October 13, 2020 1:20 PM

GMT

Scenic abstractions in gradually changing intensity of pastels and earth-tones, RCA’er Yi To paintings are excitingly mysterious. The colours flow on the canvas and illuminate, opening up a spectrum of light and depth. In these breathtaking paintings, she explores the primordiality, the earliest stages of human life, the root of our existence which is an experience every human being shares with each other. In this conversation with the London based artist and where's the frame, we talk about her technique, what you will find in her studio, and what her practice is about.

What made you choose RCA more than any other colleges in London?

I guess it just happened at the right time.

Yi To, Information Superhighway, 51 x 71 cm.

Can you describe your studio to us? Do you have any weird figurines? Or a lot of plants?

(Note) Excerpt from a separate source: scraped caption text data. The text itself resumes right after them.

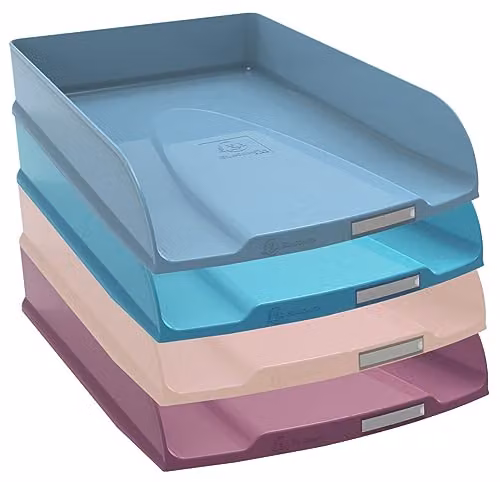 Exacompta Combo Styli Skandi Set of 4 A4 Plastic Letter Trays in Blue, Pink and Multicolour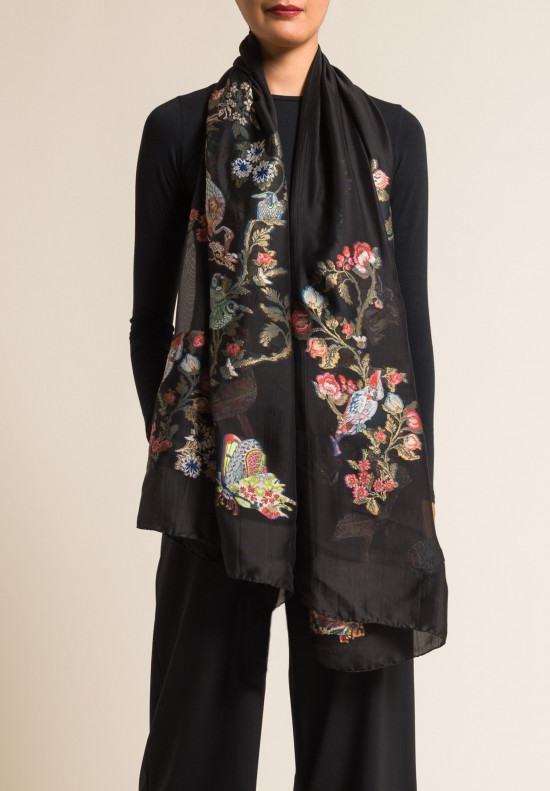 Etro Embroidered Sheer Bird Print Scarf in Black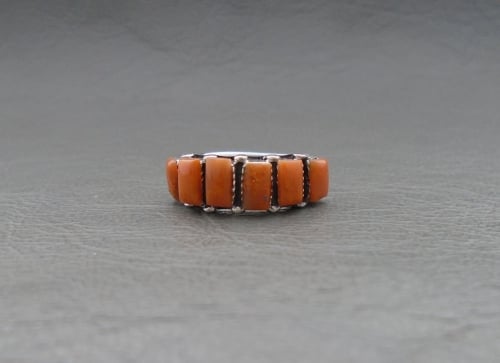Southwestern style sterling silver & orange agate ring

I always have a few work-in-progress, or even finished pieces laid out in the studio all at the same time. I would choose one to work with - naturally they resonate with each other as they’re being with each other. I don’t have any figurines in my studio at this point, but my partner and I have collected plenty of unusual wooden, ceramic and metal objects at home, ranging from masks, figurines, candle holders, and animal-shaped vessels over the last few years from different places in London, those have informed the way I approach human bodies.


Yi To's Studio


As an artist, how is your mode of production different before and during the COVID-19 pandemic?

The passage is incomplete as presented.